Used correctly, LAmerge and LAsort together allow one to perform an “external” sort that produces a collection of sorted files containing in aggregate all the local alignments found by the daligner, such that their concatenation is sorted in order of (a,b,o,ab) (or (a,ab) if the -a option is set). In particular, this means that all the alignments for a given a-read will be found consecutively in one of the files. So computations that need to look at all the alignments for a given read can operate in simple sequential scans of these sorted files.
LAshow produces a printed listing of the local alignments contained in the specified .las file where the a– and b-sequences come from sr1 or from src1 and src2, respectively. If a file list of read ranges is given then only the overlaps for which the a-read is in the set specified by the file or list are displayed. See DBshow for an explanation of how the file and list of read ranges are interpreted. If the -F option is set then the roles of the A- and B-reads are reversed in the display.

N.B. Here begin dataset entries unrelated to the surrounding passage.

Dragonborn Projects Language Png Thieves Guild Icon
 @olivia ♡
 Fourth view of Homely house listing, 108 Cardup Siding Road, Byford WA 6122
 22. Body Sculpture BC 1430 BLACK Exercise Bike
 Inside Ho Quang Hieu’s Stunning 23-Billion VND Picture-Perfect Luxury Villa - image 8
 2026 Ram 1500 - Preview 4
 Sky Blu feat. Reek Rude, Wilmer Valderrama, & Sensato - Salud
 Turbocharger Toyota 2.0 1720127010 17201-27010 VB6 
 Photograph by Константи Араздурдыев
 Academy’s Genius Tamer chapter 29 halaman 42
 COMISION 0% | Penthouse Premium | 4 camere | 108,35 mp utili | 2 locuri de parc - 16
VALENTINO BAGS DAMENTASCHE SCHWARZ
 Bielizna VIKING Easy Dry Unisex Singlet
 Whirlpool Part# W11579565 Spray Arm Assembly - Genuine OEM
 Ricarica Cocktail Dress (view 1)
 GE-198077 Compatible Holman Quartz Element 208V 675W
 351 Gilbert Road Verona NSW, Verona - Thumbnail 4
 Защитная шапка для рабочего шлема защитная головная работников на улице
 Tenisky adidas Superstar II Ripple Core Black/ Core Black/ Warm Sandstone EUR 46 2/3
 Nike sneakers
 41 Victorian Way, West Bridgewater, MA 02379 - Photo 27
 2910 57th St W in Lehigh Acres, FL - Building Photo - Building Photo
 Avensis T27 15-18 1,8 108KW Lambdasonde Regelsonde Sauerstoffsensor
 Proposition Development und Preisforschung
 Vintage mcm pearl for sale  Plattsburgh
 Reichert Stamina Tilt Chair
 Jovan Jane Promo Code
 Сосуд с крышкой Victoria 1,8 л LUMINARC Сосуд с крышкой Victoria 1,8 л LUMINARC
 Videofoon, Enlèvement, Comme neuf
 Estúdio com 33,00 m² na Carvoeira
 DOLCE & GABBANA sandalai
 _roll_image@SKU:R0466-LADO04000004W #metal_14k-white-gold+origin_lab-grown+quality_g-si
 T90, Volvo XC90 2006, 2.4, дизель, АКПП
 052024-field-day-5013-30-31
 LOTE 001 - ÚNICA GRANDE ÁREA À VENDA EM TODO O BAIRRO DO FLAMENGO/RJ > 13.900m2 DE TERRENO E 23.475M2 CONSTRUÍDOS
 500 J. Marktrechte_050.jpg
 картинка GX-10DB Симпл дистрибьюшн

If the -c option is given then a cartoon rendering is displayed, and if -a or -r option is set then an alignment of the local alignment is displayed. The -a option puts exactly -w columns per segment of the display, whereas the -r option puts exactly -w a-read symbols in each segment of the display. The -r display mode is useful when one wants to visually compare two alignments involving the same a-read. If a combination of the -c, -a, and -r flags is set, then the cartoon comes first, then the -a alignment, and lastly the -r alignment. The -i option sets the indent for the cartoon and/or alignment displays, if they are requested. The -b option sets the number of symbols on either side of the aligned segments to display, and -U specifies that uppercase should be used for DNA sequence instead of the default lowercase. If the -o option is set then only alignments that are proper overlaps (a sequence end occurs at the each end of the alignment) are displayed. If the -F option is given then the roles of the A- and B-reads are flipped.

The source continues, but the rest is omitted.